- [Requirement] Report each line of the records where "foryoupage" occurs.

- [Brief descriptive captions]
-- Opening Marker --
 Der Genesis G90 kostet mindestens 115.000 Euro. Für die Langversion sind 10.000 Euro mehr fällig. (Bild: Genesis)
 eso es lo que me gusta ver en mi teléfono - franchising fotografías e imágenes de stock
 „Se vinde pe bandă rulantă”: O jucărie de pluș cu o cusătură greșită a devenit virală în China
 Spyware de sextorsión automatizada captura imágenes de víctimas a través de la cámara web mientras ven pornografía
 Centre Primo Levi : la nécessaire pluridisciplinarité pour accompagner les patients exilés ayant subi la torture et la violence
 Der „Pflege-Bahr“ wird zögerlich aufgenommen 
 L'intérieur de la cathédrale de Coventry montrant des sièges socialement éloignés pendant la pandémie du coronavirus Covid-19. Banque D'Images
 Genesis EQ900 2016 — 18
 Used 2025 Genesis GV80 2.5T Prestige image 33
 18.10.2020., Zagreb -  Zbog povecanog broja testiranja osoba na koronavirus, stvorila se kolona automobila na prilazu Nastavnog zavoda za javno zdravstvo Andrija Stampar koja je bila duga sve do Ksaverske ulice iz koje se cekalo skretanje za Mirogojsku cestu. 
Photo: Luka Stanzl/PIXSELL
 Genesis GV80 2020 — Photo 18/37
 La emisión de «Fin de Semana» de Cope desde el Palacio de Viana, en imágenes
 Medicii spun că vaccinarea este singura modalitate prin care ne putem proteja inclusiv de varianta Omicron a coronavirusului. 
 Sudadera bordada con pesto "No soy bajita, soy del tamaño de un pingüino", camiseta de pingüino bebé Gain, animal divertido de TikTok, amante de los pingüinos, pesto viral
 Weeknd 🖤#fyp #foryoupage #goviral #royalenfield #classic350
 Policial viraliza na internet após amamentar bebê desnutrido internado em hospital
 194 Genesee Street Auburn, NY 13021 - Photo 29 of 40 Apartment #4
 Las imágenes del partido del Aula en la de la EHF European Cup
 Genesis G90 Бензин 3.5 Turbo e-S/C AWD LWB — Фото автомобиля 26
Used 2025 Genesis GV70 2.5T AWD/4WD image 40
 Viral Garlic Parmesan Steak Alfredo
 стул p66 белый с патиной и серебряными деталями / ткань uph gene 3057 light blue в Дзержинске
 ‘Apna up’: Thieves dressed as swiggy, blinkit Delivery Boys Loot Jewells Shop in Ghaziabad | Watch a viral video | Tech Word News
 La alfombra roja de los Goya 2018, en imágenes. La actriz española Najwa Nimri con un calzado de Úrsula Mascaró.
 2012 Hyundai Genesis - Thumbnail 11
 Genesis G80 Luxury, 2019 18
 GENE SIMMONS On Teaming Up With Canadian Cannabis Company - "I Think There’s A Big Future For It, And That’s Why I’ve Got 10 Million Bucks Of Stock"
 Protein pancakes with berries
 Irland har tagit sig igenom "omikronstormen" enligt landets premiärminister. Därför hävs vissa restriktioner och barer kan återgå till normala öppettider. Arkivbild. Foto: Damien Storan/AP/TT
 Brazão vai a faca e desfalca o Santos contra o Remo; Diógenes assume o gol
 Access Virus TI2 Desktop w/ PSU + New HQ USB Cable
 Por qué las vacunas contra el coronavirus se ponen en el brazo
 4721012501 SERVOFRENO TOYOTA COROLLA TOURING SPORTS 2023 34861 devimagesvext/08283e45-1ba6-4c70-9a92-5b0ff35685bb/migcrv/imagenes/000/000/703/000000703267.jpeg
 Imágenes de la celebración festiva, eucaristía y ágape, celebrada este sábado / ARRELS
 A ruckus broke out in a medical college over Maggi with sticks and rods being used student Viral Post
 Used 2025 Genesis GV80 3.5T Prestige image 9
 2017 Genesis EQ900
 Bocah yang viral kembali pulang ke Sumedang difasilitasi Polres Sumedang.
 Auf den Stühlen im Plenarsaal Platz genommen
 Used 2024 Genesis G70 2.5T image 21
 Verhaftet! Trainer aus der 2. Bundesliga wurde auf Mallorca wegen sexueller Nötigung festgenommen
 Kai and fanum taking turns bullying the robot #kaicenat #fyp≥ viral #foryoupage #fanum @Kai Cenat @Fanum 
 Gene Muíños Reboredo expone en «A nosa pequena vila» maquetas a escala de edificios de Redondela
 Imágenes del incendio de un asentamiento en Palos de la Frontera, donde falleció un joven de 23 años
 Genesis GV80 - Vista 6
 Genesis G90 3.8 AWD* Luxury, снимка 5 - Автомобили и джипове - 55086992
-- Closing Marker --
- [Written solution]
 Weeknd 🖤#fyp #foryoupage #goviral #royalenfield #classic350
 Kai and fanum taking turns bullying the robot #kaicenat #fyp≥ viral #foryoupage #fanum @Kai Cenat @Fanum 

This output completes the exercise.